You definately need to mix your workout up a little.  As someone already said, some muscle groups take longer than others to recover.  What is your current workout?  If you give us a breakdown as to how you're working out, we may be able to help you come up with a better plan.

Mj_lover brought up a good point and that is the way I do my workout.  Chest/Triceps, Back/Biceps, Legs/Shoulders.  Basically, I'll lift 3 times a week, for example, Mon, Wed. Fri., rest Sat and Sun, and then repeat.  

Mike


----------



## Rahde (Apr 28, 2005)

I basically do 
3 sets of benchpress at 145
4 sets of bicep curls
3 sets of forearm curls (not sure if that's what they're called)
3 sets of dips
3 sets of dumbbell presses
3 sets of captain's chair (abs)
3 sets of calf raises
and do this every other day


----------



## MJS (Apr 28, 2005)

Rahde said:
			
		

> I basically do
> 3 sets of benchpress at 145
> 4 sets of bicep curls
> 3 sets of forearm curls (not sure if that's what they're called)
> ...



I would definately break up the routine a little, working only 2 body parts in each workout.  

Mike


----------



## wynnema (Apr 29, 2005)

CMack11 said:
			
		

> I'm pretty sure you need to wait longer than 48 hours.

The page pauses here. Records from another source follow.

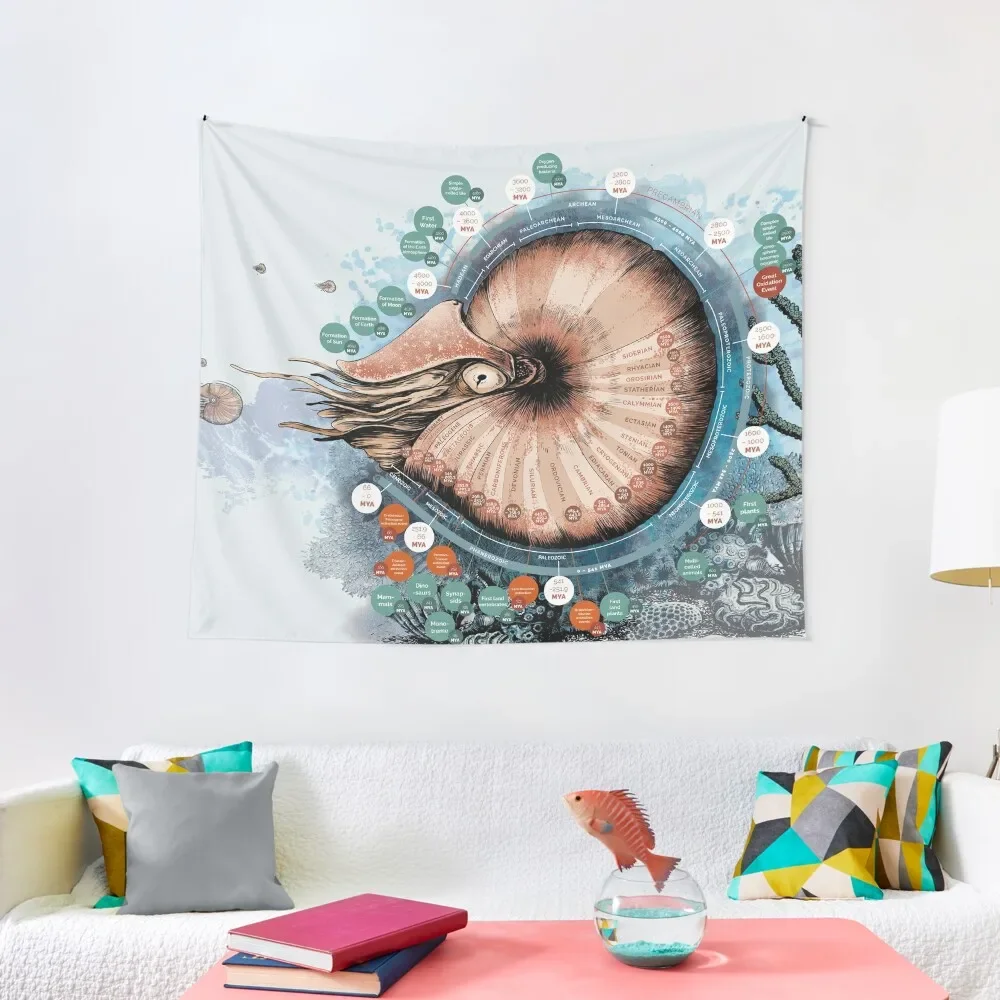 The Geological Time Scale Arazzo Room Decor Decorazione Estetica Estetica Room Decor Hanging Wall Tapestry
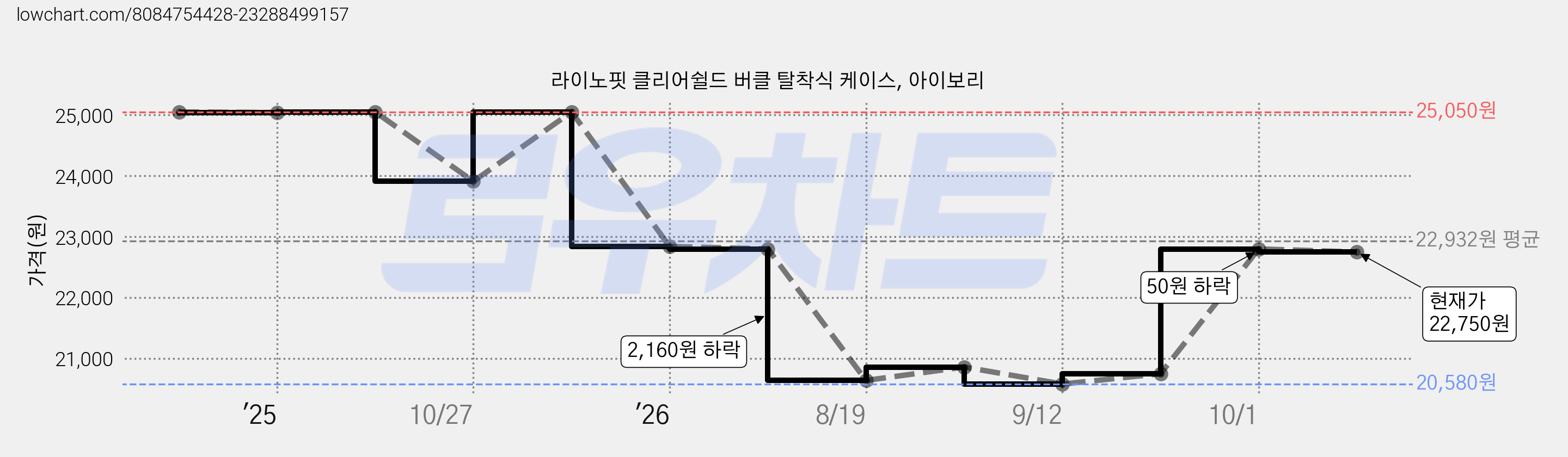 라이노핏 클리어쉴드 버클 탈착식 케이스, 아이보리 가격 변동 차트, 현재가 22,750원, 관측 최저가 20,580원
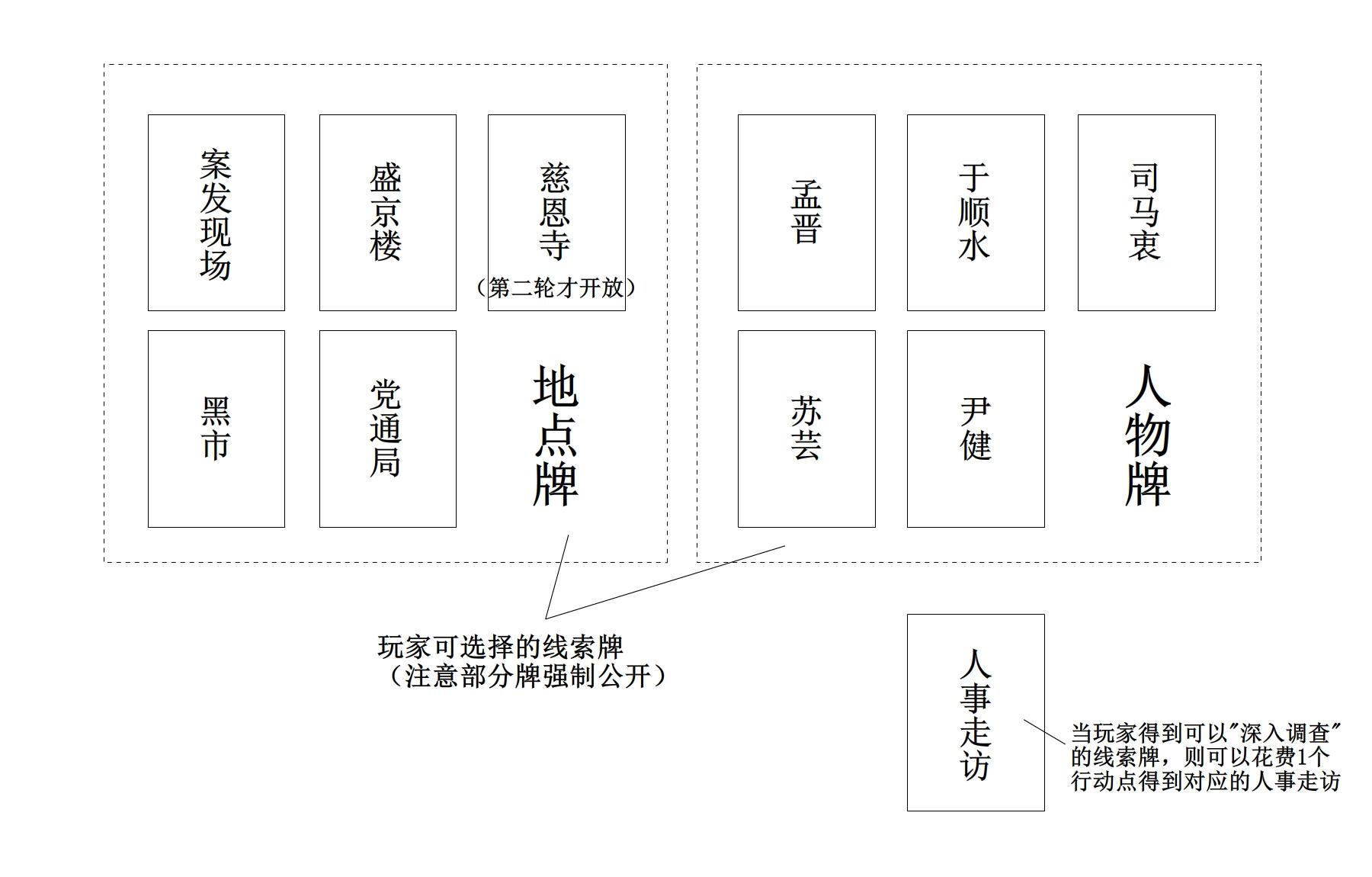 人事剧本杀流程简介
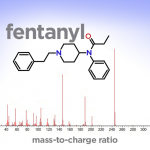 The mass spectrum for the synthetic opioid, fentanyl. Credit: NIST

Usually most personal trainer types recommend anywhere from 4-7 days rest for a certain muscle group.
> 
> You should definetly not go hit, say, back and biceps on a Monday and be back in on Wednesday to do back and biceps again.


depends on your routine, I do a full bodyworkout three times a week so hit e.g. my chest monday, wednesday and friday.  I also train when slightly sore.

You can avoid DOMS by doing some cardio after your weights to flush the lactic acid.  If you are still getting sore after 2 months then you are probably doing something wrong.


----------



## CMack11 (Apr 29, 2005)

wynnema said:
			
		

> depends on your routine, I do a full bodyworkout three times a week so hit e.g. my chest monday, wednesday and friday. I also train when slightly sore.


I still don't agree with that.  I don't think you are getting the most out of your body if you hit chest M, W, and F.  But I'm looking at it from a strength perspective.  If you are training muscle endurance it might be different.  I'll ask my personal trainer.


----------



## searcher (Apr 29, 2005)

Rahde said:
			
		

> I basically do
> 3 sets of benchpress at 145
> 4 sets of bicep curls
> 3 sets of forearm curls (not sure if that's what they're called)
> ...


Research other workouts and try to find a good split.   You can go to bodybuilding.com and look up different workouts based on your needs and the number of days you are wanting to workout.   

You might want to start taking a multi-vitamin and checking on other supplements.  

Remember that you build muscle when you rest, not when you are working out.


----------



## wynnema (May 3, 2005)

CMack11 said:
			
		

> I still don't agree with that. I don't think you are getting the most out of your body if you hit chest M, W, and F. But I'm looking at it from a strength perspective. If you are training muscle endurance it might be different. I'll ask my personal trainer.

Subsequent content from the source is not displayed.